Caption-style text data
· · ·
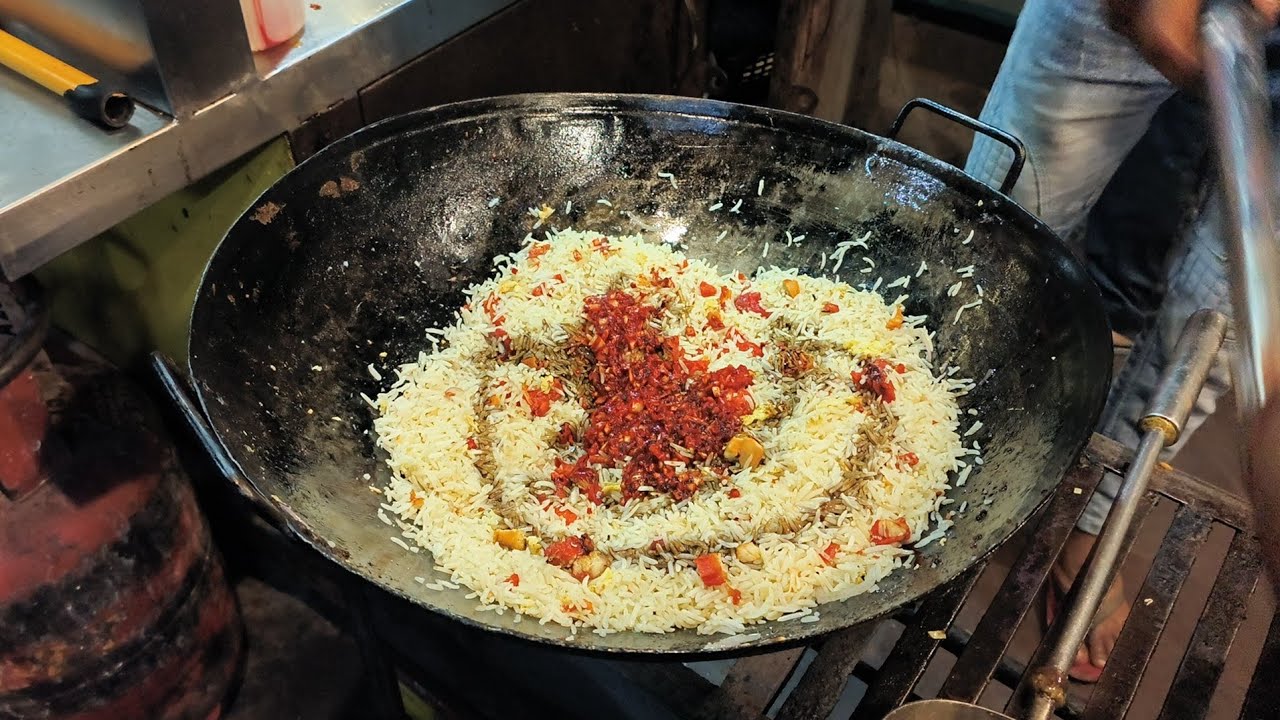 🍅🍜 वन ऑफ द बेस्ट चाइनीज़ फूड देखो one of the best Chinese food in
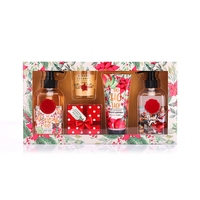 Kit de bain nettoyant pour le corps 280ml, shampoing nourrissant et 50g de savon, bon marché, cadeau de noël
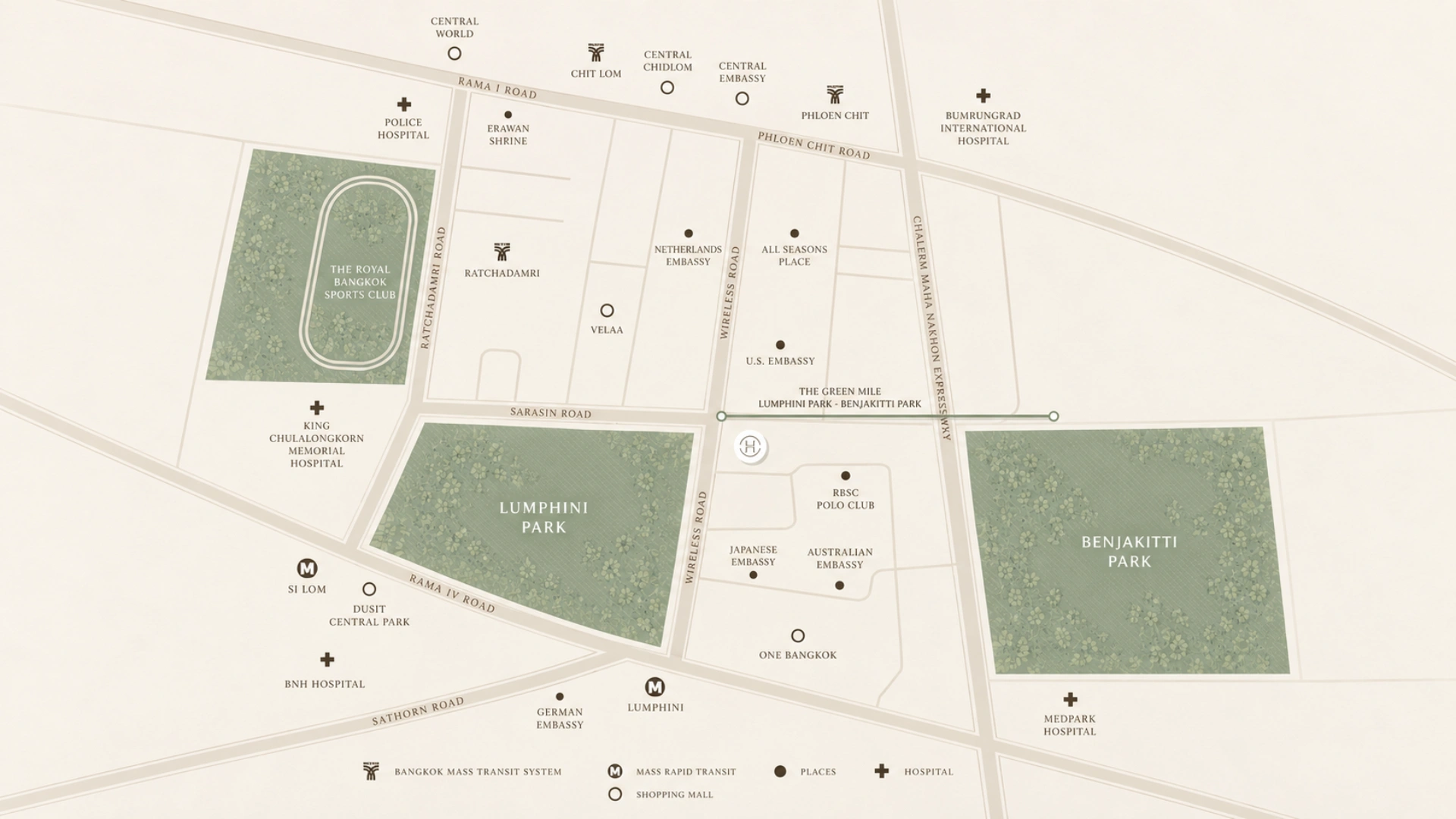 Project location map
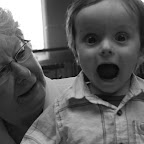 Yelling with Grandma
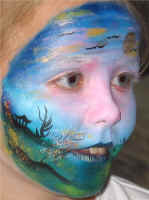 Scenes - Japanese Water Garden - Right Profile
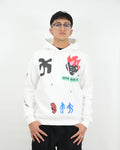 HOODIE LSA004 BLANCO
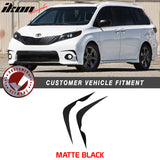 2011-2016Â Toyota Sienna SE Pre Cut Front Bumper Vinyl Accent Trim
· · ·
Output every entry above exactly as written, but omit the pictures.

 🍅🍜 वन ऑफ द बेस्ट चाइनीज़ फूड देखो one of the best Chinese food in
 Kit de bain nettoyant pour le corps 280ml, shampoing nourrissant et 50g de savon, bon marché, cadeau de noël
 Project location map
 Yelling with Grandma
 Scenes - Japanese Water Garden - Right Profile
 HOODIE LSA004 BLANCO
 2011-2016Â Toyota Sienna SE Pre Cut Front Bumper Vinyl Accent Trim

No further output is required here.